# Problem requirements
Where the line containing "this 650×400 image." appears in the records below, begin there and output each line verbatim through the last line.
[Opening Data extract section]
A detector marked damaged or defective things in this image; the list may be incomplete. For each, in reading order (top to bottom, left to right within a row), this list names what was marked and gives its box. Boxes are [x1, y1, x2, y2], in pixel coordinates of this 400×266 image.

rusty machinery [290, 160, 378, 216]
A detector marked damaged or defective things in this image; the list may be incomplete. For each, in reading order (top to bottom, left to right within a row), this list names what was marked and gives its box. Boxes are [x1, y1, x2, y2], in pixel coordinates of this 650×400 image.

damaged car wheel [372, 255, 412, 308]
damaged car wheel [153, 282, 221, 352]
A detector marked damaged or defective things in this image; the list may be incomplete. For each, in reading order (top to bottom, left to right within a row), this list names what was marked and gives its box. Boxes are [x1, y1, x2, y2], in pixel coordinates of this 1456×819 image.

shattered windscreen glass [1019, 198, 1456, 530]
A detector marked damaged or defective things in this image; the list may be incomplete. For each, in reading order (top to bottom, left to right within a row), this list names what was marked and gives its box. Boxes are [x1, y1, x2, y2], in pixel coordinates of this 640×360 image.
[Closing Data extract section]
# Written response
A detector marked damaged or defective things in this image; the list may be incomplete. For each, in reading order (top to bottom, left to right within a row), this list names what was marked and gives its box. Boxes are [x1, y1, x2, y2], in pixel coordinates of this 650×400 image.

damaged car wheel [372, 255, 412, 308]
damaged car wheel [153, 282, 221, 352]
A detector marked damaged or defective things in this image; the list may be incomplete. For each, in reading order (top to bottom, left to right within a row), this list names what was marked and gives its box. Boxes are [x1, y1, x2, y2], in pixel coordinates of this 1456×819 image.

shattered windscreen glass [1019, 198, 1456, 530]
A detector marked damaged or defective things in this image; the list may be incomplete. For each, in reading order (top to bottom, left to right within a row), this list names what was marked and gives its box. Boxes are [x1, y1, x2, y2], in pixel coordinates of this 640×360 image.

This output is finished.